Me and Michael Porter on Strategy (part 1)



I last saw Michael Porter present at the CIPD conference in Harrogate over 20 years ago and seeing him speak again was one of my main reasons for attending WOBI.  And if you're wondering, given the title of the post, no, I wasn't talking with him (you'll understand the reason for that title later on). Porter kicked off with an overview of his ideas on strategy, which were good to hear again.


Business strategy is about deciding on whose needs and which customers you are going to serve and then on how to do this uniquely well. If you're going head to head you're not going to win. Mission statements, a desire to be #1 or 2 in a market, etc, are not strategies. Strategy is a concrete set of choices about your business in order to deliver unique value to whatever customers you want to serve. You can't serve all customers or meet all needs so you need to be distinctive about where you're going to play.
 

If you compete on price and that's the only thing then Porter feels sorry for you as you're likely to enter into a race to the bottom. So ideally you want to differentiate, to create something unique about you meaning that you can charge a premium price. This depends on a unique value proposition supported by a value model which enables you to deliver the unique proposition efficiently. Often this will require trade-offs too. And everyone needs to know the answers to these questions or your sales people will go and talk to the wrong people etc.


Ie you need to tailor the primary and support activities in the value chain around this proposition. Eg how do you manage your human resources and what type of human resources are you trying to attract? You can't do what everyone else is doing. This provides a new operating model. 


Strategy is not execution. Porter hears things like it's all about execution, and execution eats strategy for lunch that it doesn't even bother him any more. But choices are different to execution. If you can't figure this out you've got a problem. There's no one best strategy, just whether it offers unique value to the customers it wants. And integrating these choices through the value chain and activity system to provide fit. There's no such thing as a good Marketing or HR strategy, only good HR for the overall strategy, so it all fits together as part of an overall holistic system.
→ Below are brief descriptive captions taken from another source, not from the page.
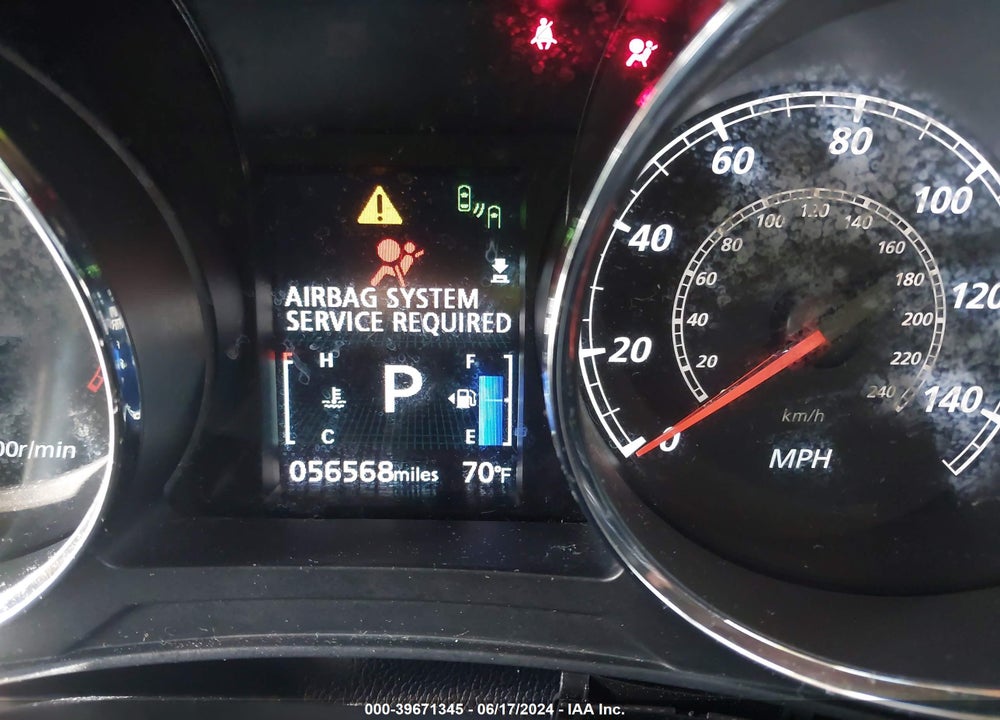 2021 MITSUBISHI OUTLANDER SPORT 2.0 SE 2WD VIN: JA4APVAU5MU009994
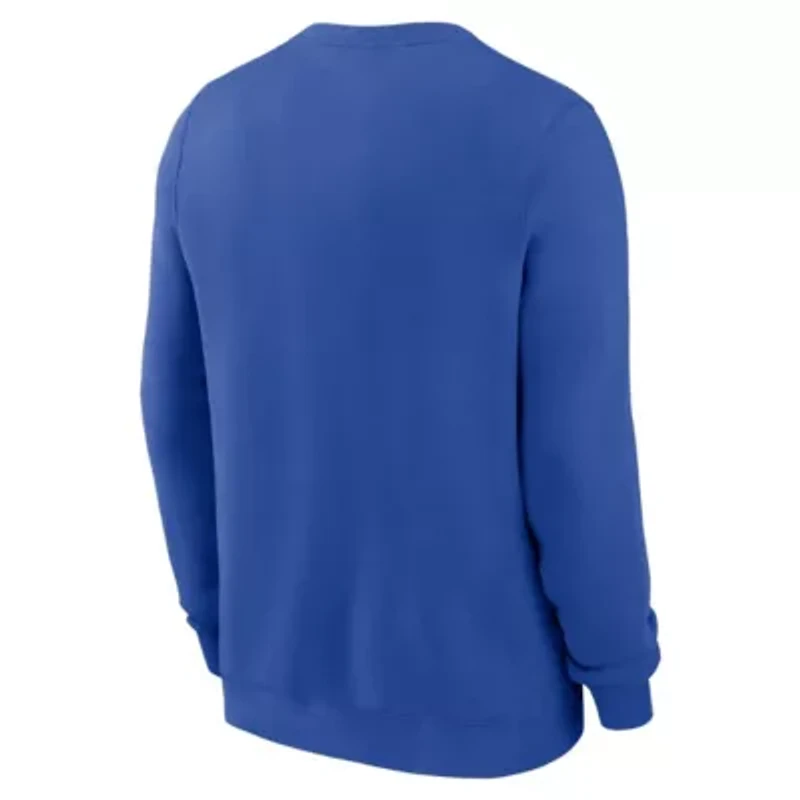 Duke Blue Devils NCAA Nike Primetime Primary Stack Pullover Sweatshirt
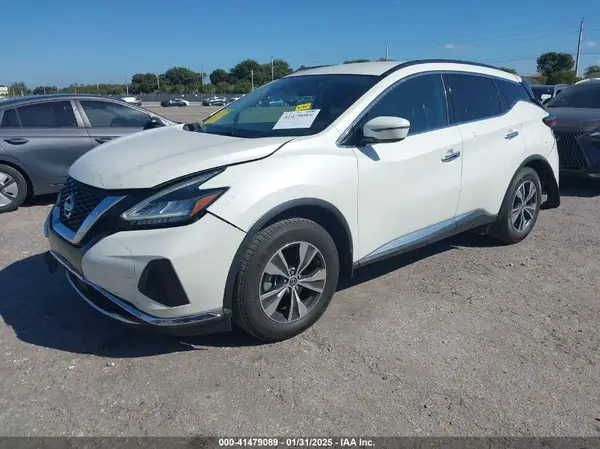 5N1AZ2BJ3LN166270 2020 NISSAN MURANO - Image 2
I really enjoyed the session and was disappointed to overhear a couple of people later suggesting it was like listening to their lecturers at college. I wanted to tell them: believe me, your lecturers weren't even in the same galaxy as Porter. And what did they expect anyway. As Porter said, strategy is used too loosely, at a very high level. But it's actually incredibly specific. About how it relates to your industry, your choices and how you position yourself. If you're Simon Sinek speaking about a need to change your mindset you're just going tell a few stories (this is me again now). If you're Gary Hamel and you want to get people excited about a problem that doesn't really exist then you're going to share some research evidence and case studies.  But if you want people to understand a precise way of doing strategic management then you're going to need to share some models.

(This is probably also the reason that the leadership competency framework used by Hamel in his presentation only showed 'Thinks strategically' as an executive level competency.)

But I suppose the main reason I enjoyed the session is that I often talk and write about Porter's ideas, in fact, this, coincidentally, was published today. Please do go there and read it as you'll want that background to fully understand the rest of the post. Because I also apply Porter's thinking and models to HR and organisation design.

In ‘Towards a Dynamic Theory of Strategy’ Porter writes that his thinking recognises his value chain is based on a chain of causality:


"A fundamental issue in creating a theory of strategy is where to focus the chain of causality, A stylized example will illustrate. We might observe a successful firm and find that its profitability is due to a low relative cost position compared to its rivals. But the firm's cost position is an outcome and not a cause. The question becomes: Why was the firm able to attain this cost position? Some typical answers might be that it is reaping economies of scale, or has moved aggressively down the learning curve. But again, the question becomes why? Some possible answers might include entering the industry early, or the firm's ability to organize itself particularly well for cost reduction. Once again, however, the question becomes why? And we could continue moving along such a chain of causality even further. 

The literature in both strategy and economics addresses many different points in this chain of causality. Indeed, many differences are less conflicts than theory positioned at different points in the chain, as we will see later. Any theory of strategy must grapple with how far back in the chain of causality to go. The answer may well be different for different purposes. A theory that aims very early in the chain may be intractable or lack operationality. Also, aspects of the firm that are variable in the long run may be fixed or sticky in the short run. Conversely, a theory oriented later in the chain may be overly limiting and miss important possibilities."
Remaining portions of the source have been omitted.